In my testing, it performs worse than Whisper for transcription to text, mis-hearing words and not hearing implied punctuation. Also it's about 10x slower than Faster-Whisper. Fairseq uses 20 GB of RAM, while Whisper uses about 1 GB. For these reasons and others this is…
— catid (e/acc) (@MrCatid) May 23, 2023
The fact that the voices in the dataset are predominantly male does not negatively affect the understanding or generation of female voices, according to Meta.
In addition, the model does not tend to generate overly religious speech. Meta attributes this to the classification approach used (Connectionist Temporal Classification), which focuses more on speech patterns and sequences than on word content and meaning.
Meta cautions, however, that the model sometimes transcribes words or phrases incorrectly, which can lead to incorrect or offensive statements.
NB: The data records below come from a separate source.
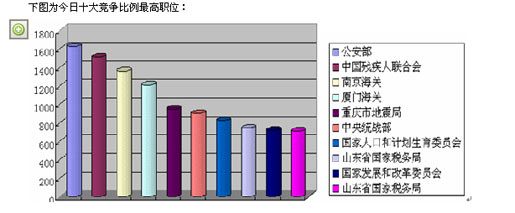 09國家公務員20日報考統計：十大熱門職位4
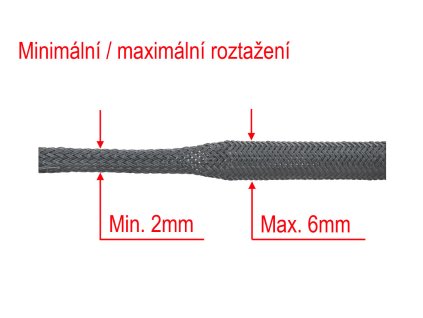 Ochranny oplet 3mm rozmery 13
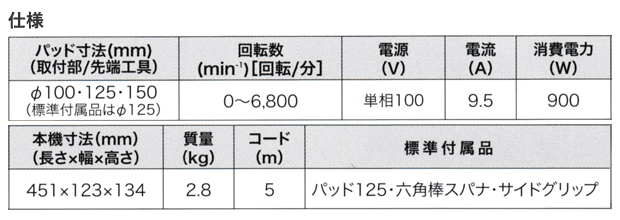 マキタ 125mmランダムオービットポリッシャ PO5000C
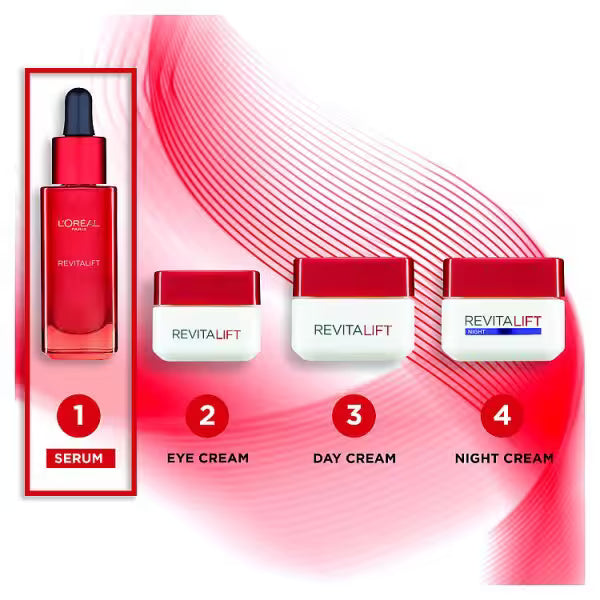 L'Oreal Paris Hydrating Smoothing Serum 30ml, UK version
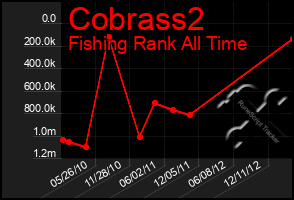 Total Graph of Cobrass2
One model for thousands of languages
Meta's long-term goal is to develop a single language model for as many languages as possible in order to preserve endangered languages. Future models may support even more languages and even dialects.
"Our goal is to make it easier for people to access information and to use devices in their preferred language," Meta writes. Specific application scenarios include VR and AR technologies or messaging.
In the future, a single model could be trained for all tasks, such as speech recognition, speech synthesis, and speech identification, leading to even better overall performance, Meta writes.
The code, the pre-trained MMS models with 300 million and one billion parameters, respectively, and the refined derivations for speech recognition and identification and text-to-speech are made available by Meta as open-source Models on Github.